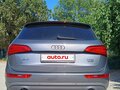 2016 Audi Q5 I (8R) Рестайлинг, серый, 2450000 рублей - вид 6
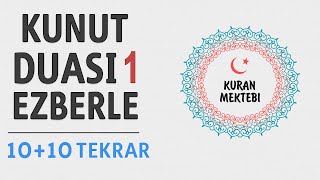 Kunut duası 1 ezberleme 10 tekrar10 tekrar Davut Kaya [upl. by Yerrok]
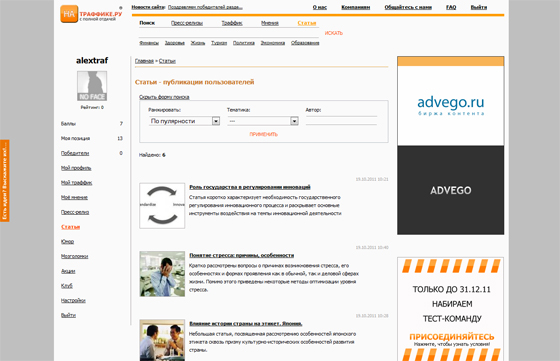 стартап Натраффике.ру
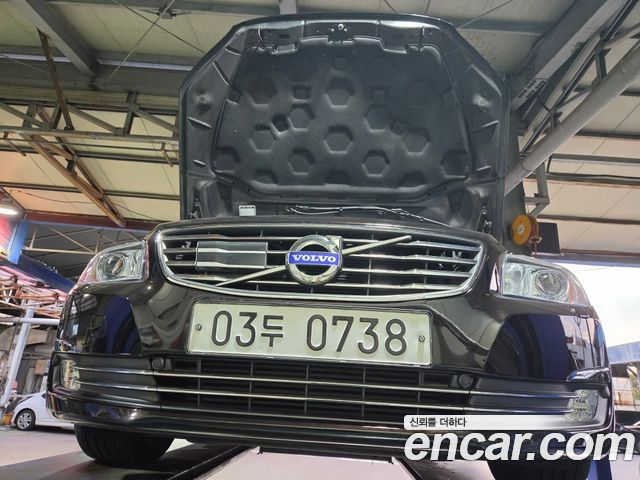Volvo S80 2016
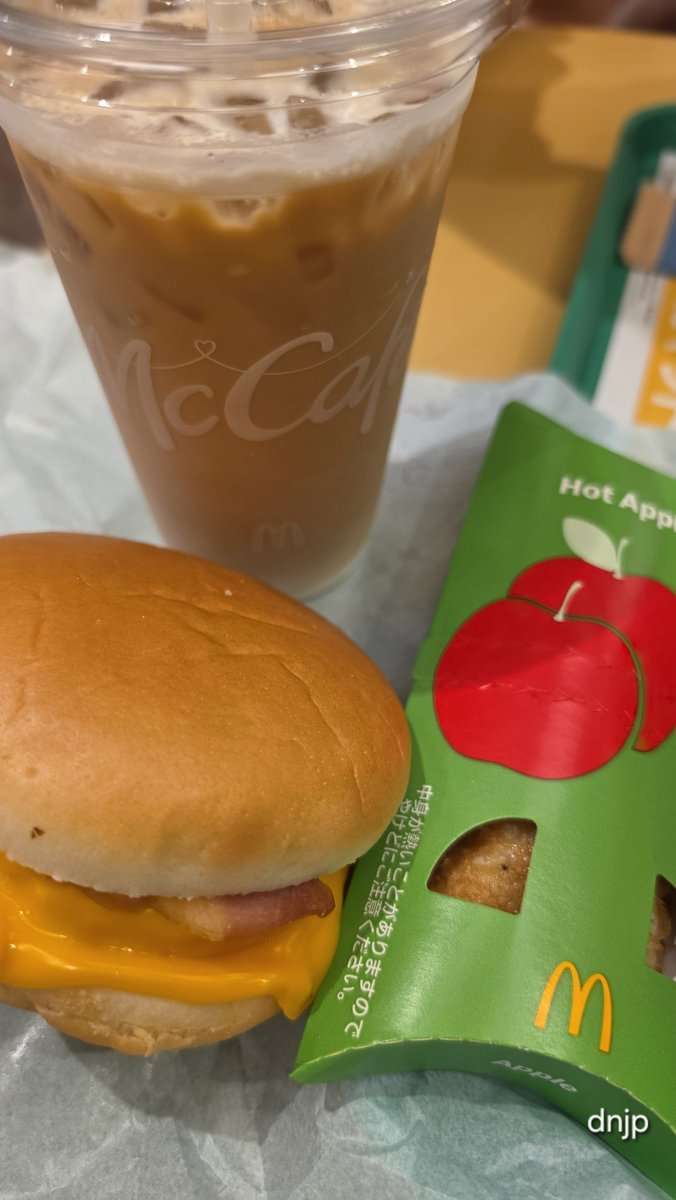 lifeasframes's tweet photo. GM, hôm nay đi ăn sáng vui cafe burger, bánh táo... và mấy phần khác.

#breakfast #cafe #coffee #japan #relax https://t.co/6hX2h8AtAy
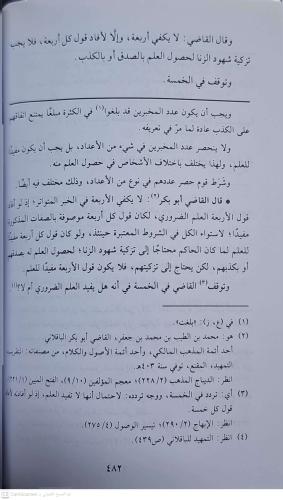 Miracül vusul معراج الوصول في شرح منهاج الأصول للبيضاوي
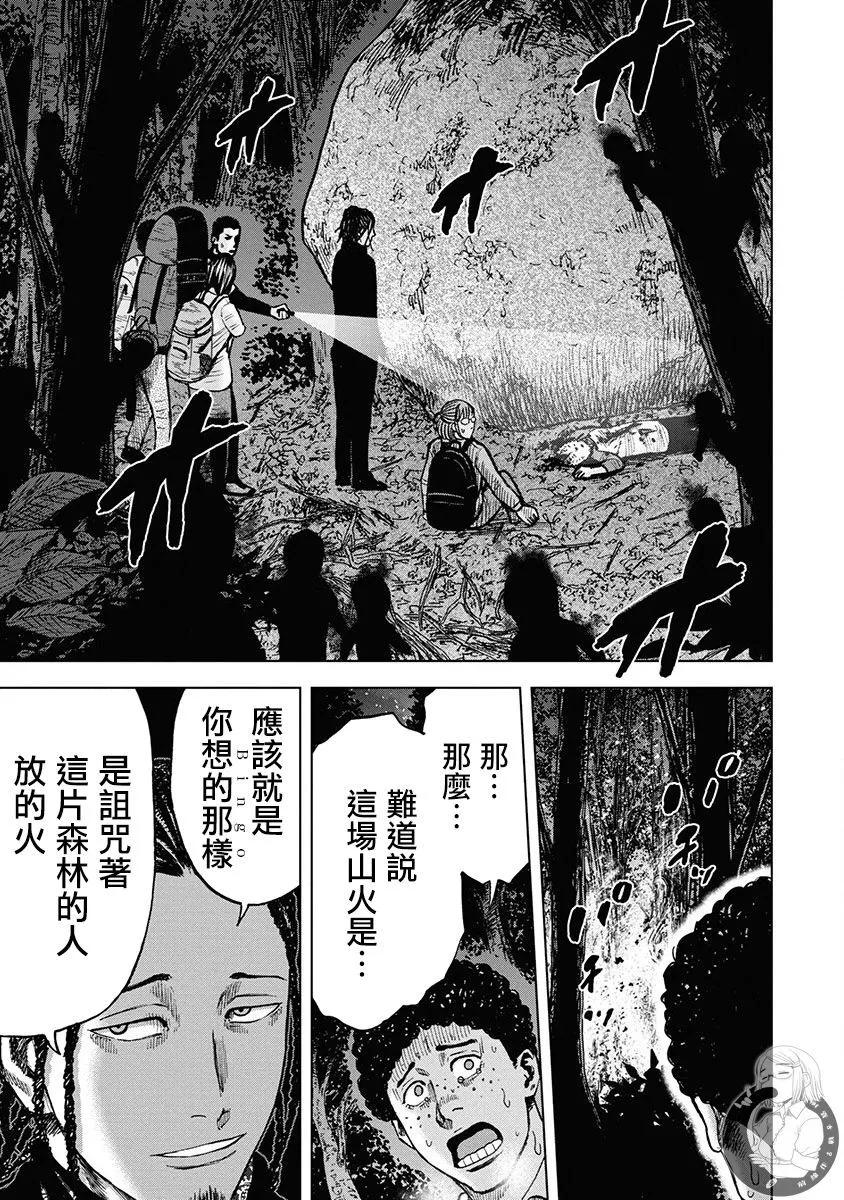 熾燃鬼詛咒之館 - 第07話 - 3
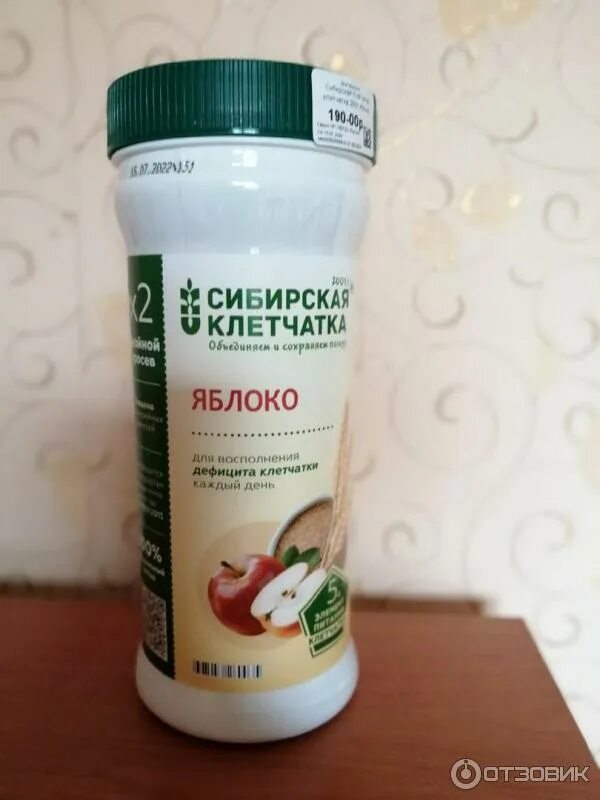 Клетчатка живота. Клетчатка в яблоках. растительная клетчатка. сибирская клетчатка растительные. искусственная клетчатка для кишечника.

:: WHAT IS BEING ASKED ::
All of the data above is to be repeated exactly, with the pictures left out.

:: REPLY ::
 2016 Audi Q5 I (8R) Рестайлинг, серый, 2450000 рублей - вид 6
 Kunut duası 1 ezberleme 10 tekrar10 tekrar Davut Kaya [upl. by Yerrok]
 стартап Натраффике.ру
Volvo S80 2016
 lifeasframes's tweet photo. GM, hôm nay đi ăn sáng vui cafe burger, bánh táo... và mấy phần khác.

#breakfast #cafe #coffee #japan #relax https://t.co/6hX2h8AtAy
 Miracül vusul معراج الوصول في شرح منهاج الأصول للبيضاوي
 熾燃鬼詛咒之館 - 第07話 - 3
 Клетчатка живота. Клетчатка в яблоках. растительная клетчатка. сибирская клетчатка растительные. искусственная клетчатка для кишечника.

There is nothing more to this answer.